Point Cloud Sparse Tensor error with SubMConv3dLayer: SubMmerge_sort: failed on 2nd step: cudaErrorIllegalAddress: an illegal memory access was encountered
JamesMcCullochDickens opened this issue · 3 comments
I'm trying to write code to go from a point cloud to a sparse tensor, and then do a SubMConv3dLayer convolution on the resulting sparse tensor.
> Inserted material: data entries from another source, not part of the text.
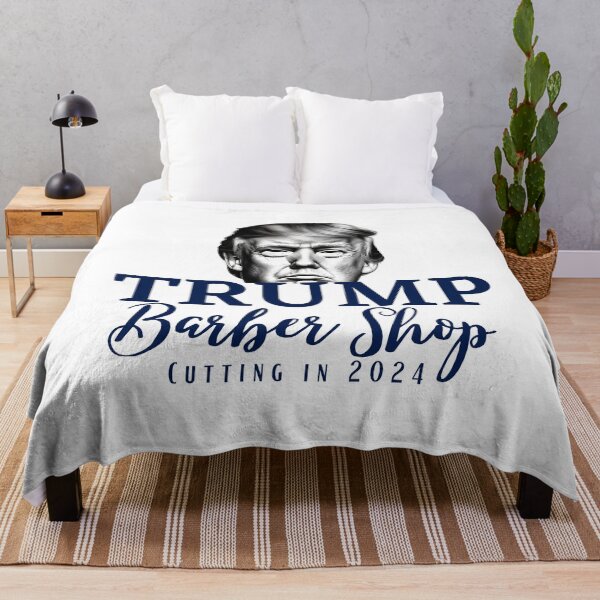 Item preview, Trump Barber Shop Cutting in 2024 designed and sold by Hiremeamerica.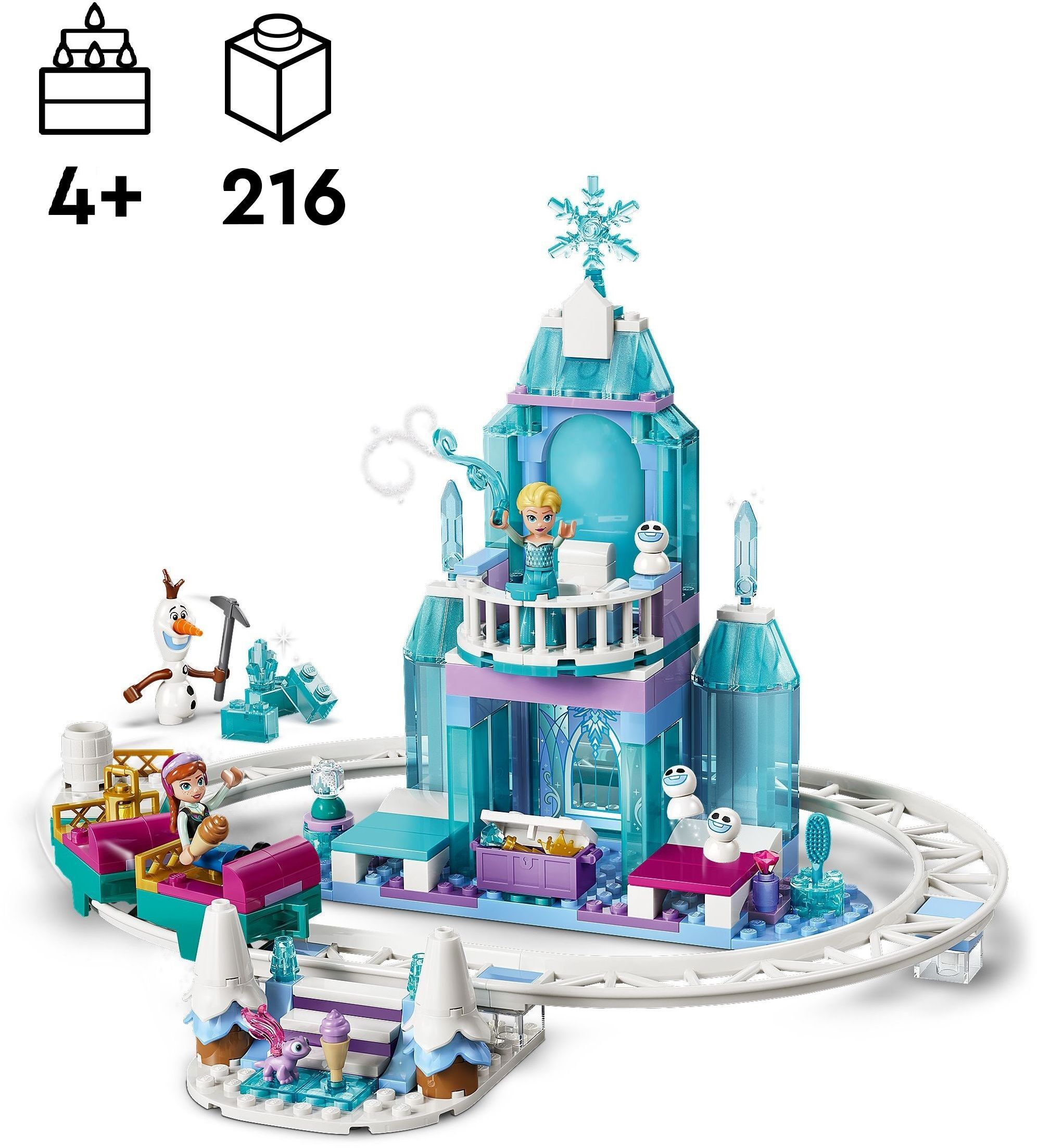 LEGO 43281 Disney Princess Ледяной дворец Эльзы и веселое катание на санках фото 2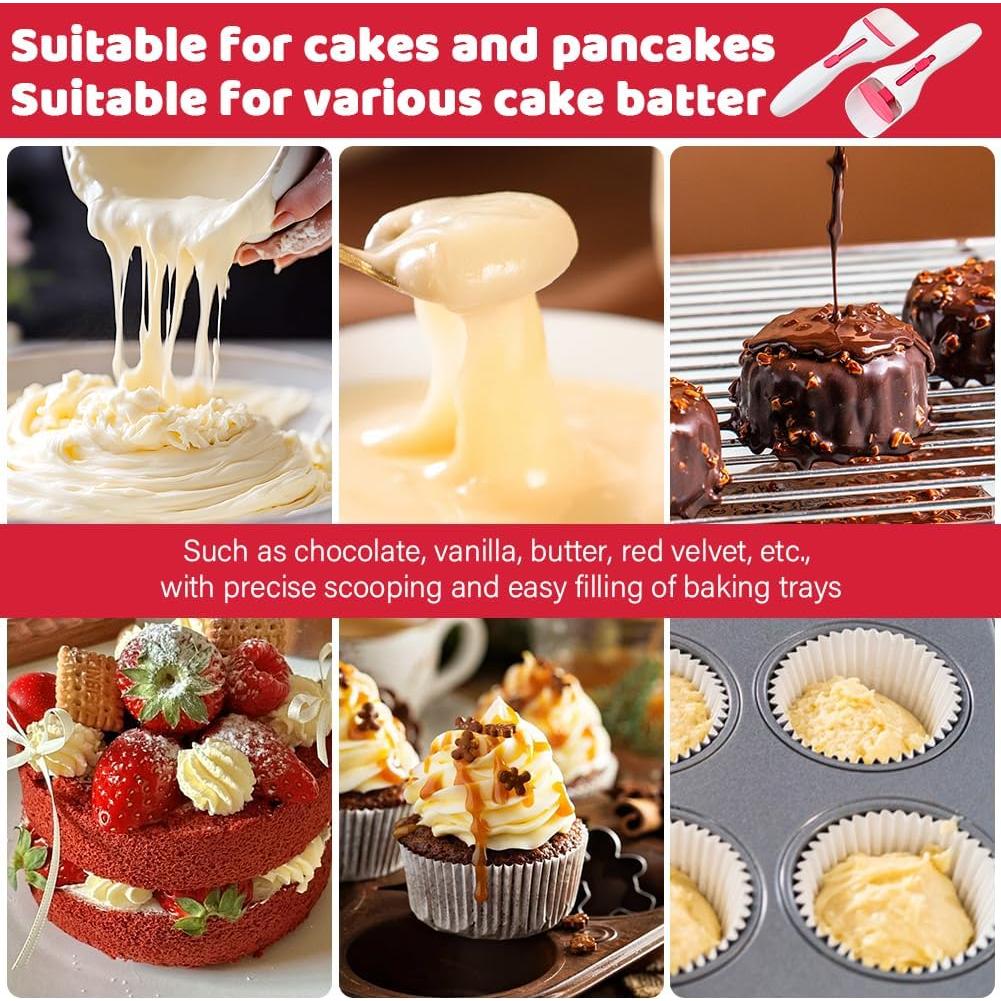 Dispensador de Masa para Cupcakes Restynic 2 Pcs Blanco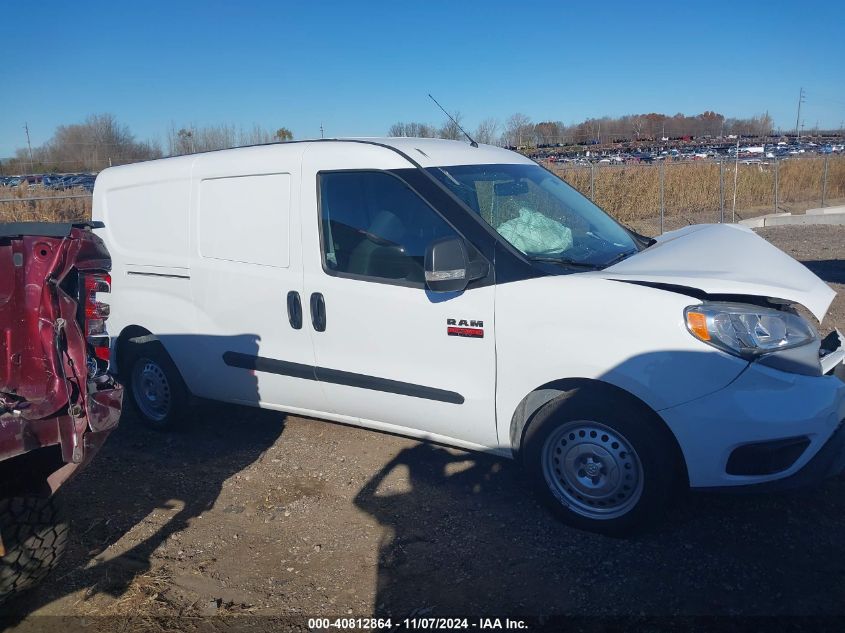 2022 Ram Promaster City Cargo Van VIN: ZFBHRFAB9N6Y06552 Lot: 40812864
Here is what I have:
from typing import Union, Tuple, Optional
import torch, torch.nn as nn
import spconv.pytorch as spconv
def pcs_to_sparse_tensor(pcs: torch.Tensor, grid_size: float, pc_range: Tuple[float, float, float, float, float, float],
device_id: Optional[int], pad: int = 0) -> spconv.SparseConvTensor:
batch_size, num_points, C = pcs.shape
for i in range(3):
pcs[:, :, i] = torch.clamp(pcs[:, :, i], min=pc_range[i], max=pc_range[i+3])
pc_xyz_min = torch.tensor([pc_range[0], pc_range[1], pc_range[2]]).view(1, 1, 3)
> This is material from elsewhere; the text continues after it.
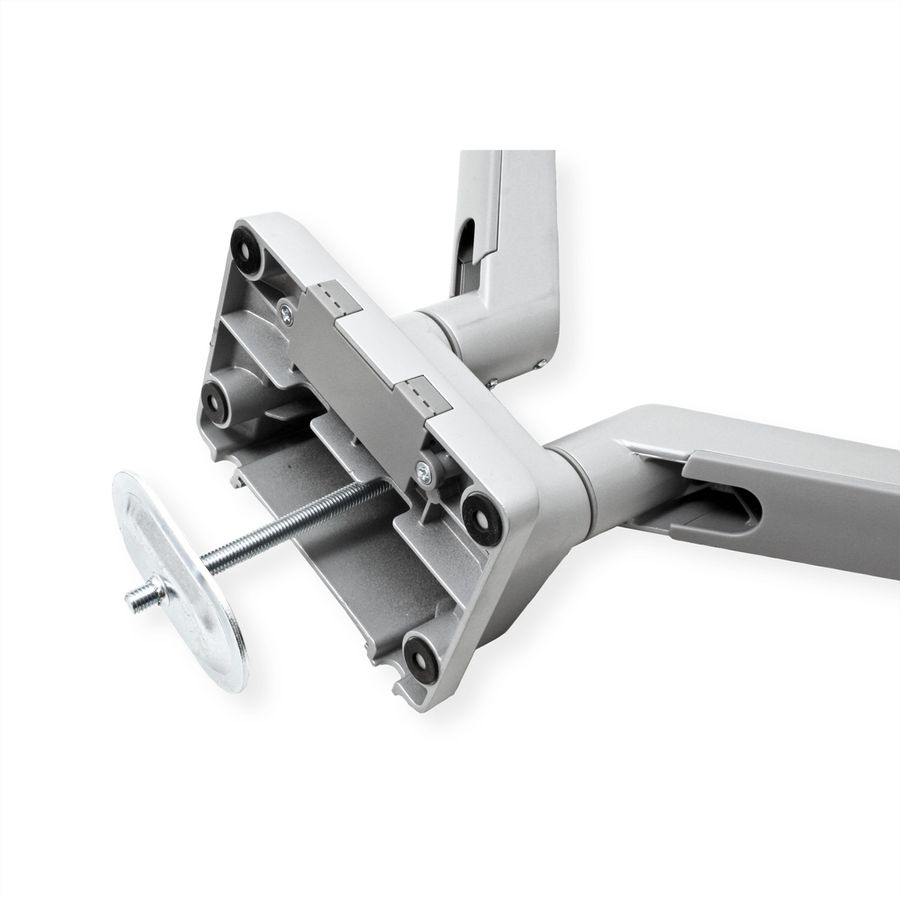 ROLINE Support double LCD, vérin à gaz, 5 articulations, fixation sur bureau, 17-23", jusqu'à 2x 9 kg, argent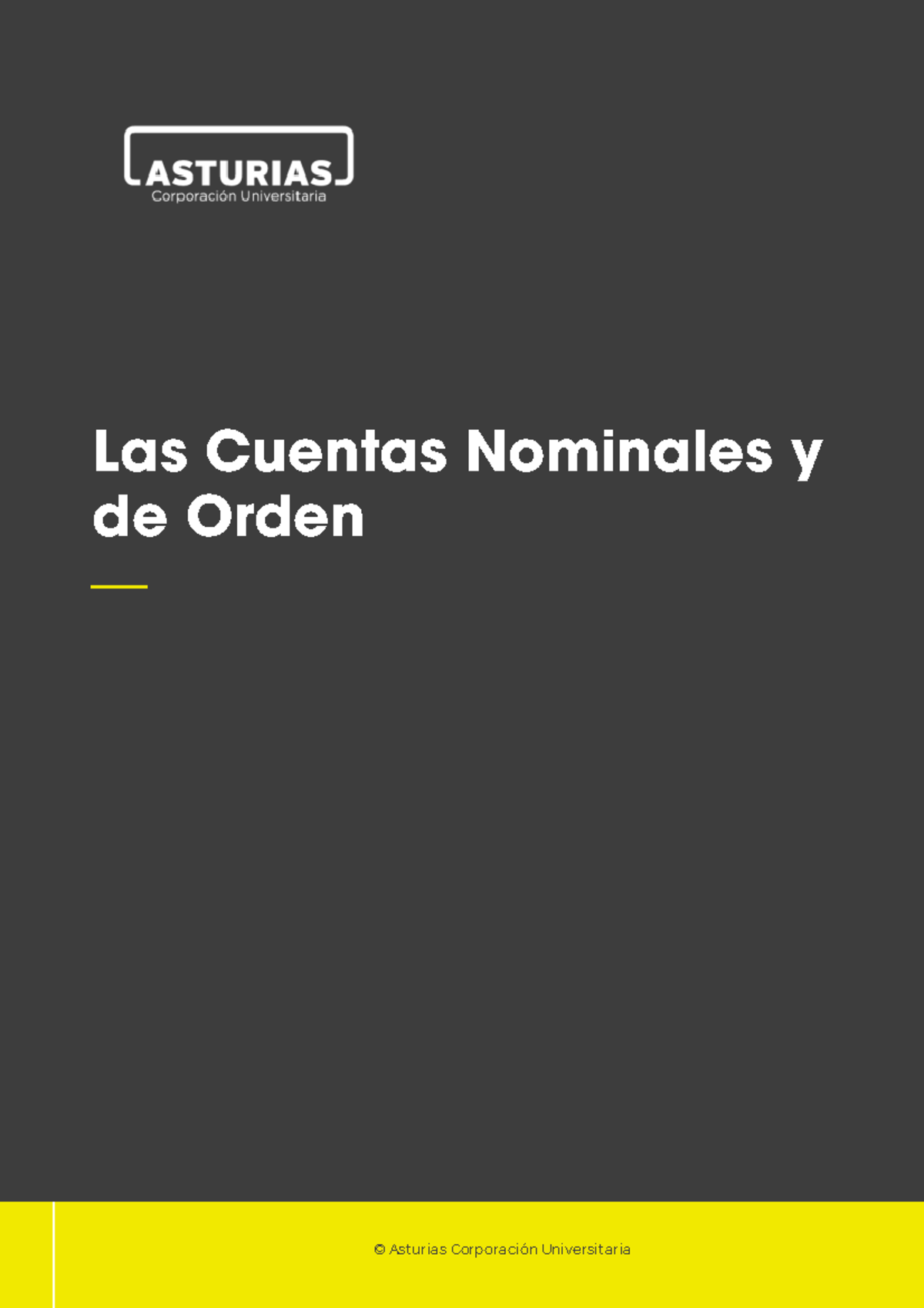 Unidad 2 Pdf1 Clasificación De Cuentas Reales Y Nominales Contabilidad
displaced_coords = pcs-pc_xyz_min
coords = torch.div(displaced_coords, grid_size, rounding_mode="trunc").int()
coords = coords.reshape(-1, 3)
feats = pcs.reshape(-1, 3)
spatial_shape = []
for i in range(3):
spatial_shape.append(int(((pc_range[3]-pc_range[0])/grid_size) + pad))
repeat_vals = torch.tensor([num_points for _ in range(batch_size)])
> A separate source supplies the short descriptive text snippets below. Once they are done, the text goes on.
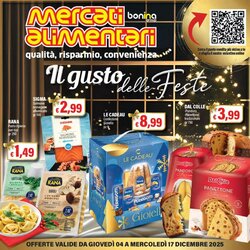 Volantino promozionale Mercati Alimentari  valide dal 04/12/2025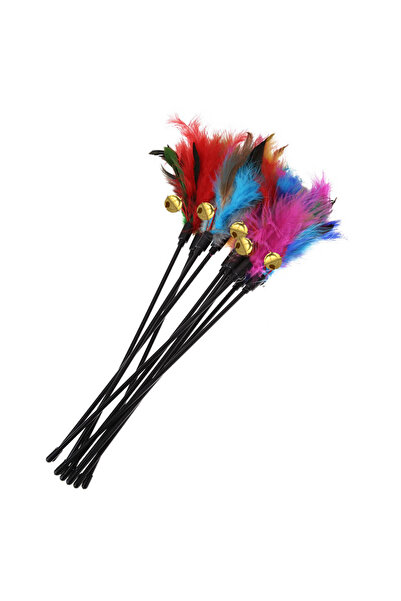 Choice 5pcs 5pcs/set Cat Interactive Wand Colorful Feather Chicken Feather Ca...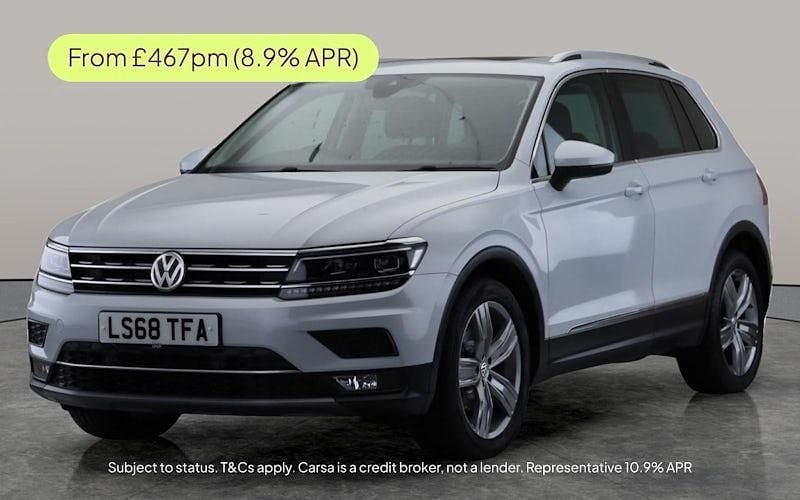 Used 2020 VW Tiguan SEL SUV | £16,895 (Good price) - Image 1/2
batch_vals = torch.arange(0, batch_size, step=1)
batch_idx = torch.repeat_interleave(batch_vals, repeat_vals)
indices = torch.cat([batch_idx.unsqueeze(-1).int(), coords], dim=1).contiguous()
if device_id is not None:
feats = feats.to(device_id)
indices = indices.to(device_id)
sp_tensor = spconv.SparseConvTensor(
features=feats,
indices=indices,
spatial_shape=spatial_shape,
batch_size=batch_size
)
return sp_tensor
rand_pcs = torch.rand(3, 500, 3)
sp = pcs_to_sparse_tensor(rand_pcs, grid_size=0.01, device_id=2, pc_range=(-1., -1., -1., 1., 1., 1.))
layer = spconv.SubMConv3d(in_channels=3, out_channels=6,
kernel_size=3, indice_key="l1", padding=1,
stride=1, dilation=0).to(2)
output = layer(sp)
I'm getting the error:
"[Exception|implicit_gemm_pair]indices=torch.Size([1500, 4]),bs=3,ss=[300, 300, 300],algo=ConvAlgo.MaskImplicitGemm,ksize=[3, 3, 3],stride=[1, 1, 1],padding=[1, 1, 1],dilation=[0, 0, 0],subm=True,transpose=False
Traceback (most recent call last):
File "/home/jamesdickens/miniconda3/envs/pointcept/lib/python3.8/site-packages/spconv/pytorch/conv.py", line 408, in _conv_forward
raise e
File "/home/jamesdickens/miniconda3/envs/pointcept/lib/python3.8/site-packages/spconv/pytorch/conv.py", line 385, in _conv_forward
res = ops.get_indice_pairs_implicit_gemm(
File "/home/jamesdickens/miniconda3/envs/pointcept/lib/python3.8/site-packages/spconv/pytorch/ops.py", line 550, in get_indice_pairs_implicit_gemm
SpconvOps.sort_1d_by_key_allocator(pair_mask_tv[j],
RuntimeError: merge_sort: failed on 2nd step: cudaErrorIllegalAddress: an illegal memory access was encountered"
Any thoughts what I might be doing wrong? I'd be happy to give any other relevant details.
Edit: The error only occurs for gpu 2 and not gpu 0.
I seem to have fixed this issue looking at another github issue here:
#387
torch.cuda.set_device(device_id)
does the trick.
I haven't tried with distributed training yet but all seems good now. I guess there is some hardcoding of gpu 0 in the ops file somehow? Not sure. Anyway thanks for the great repo.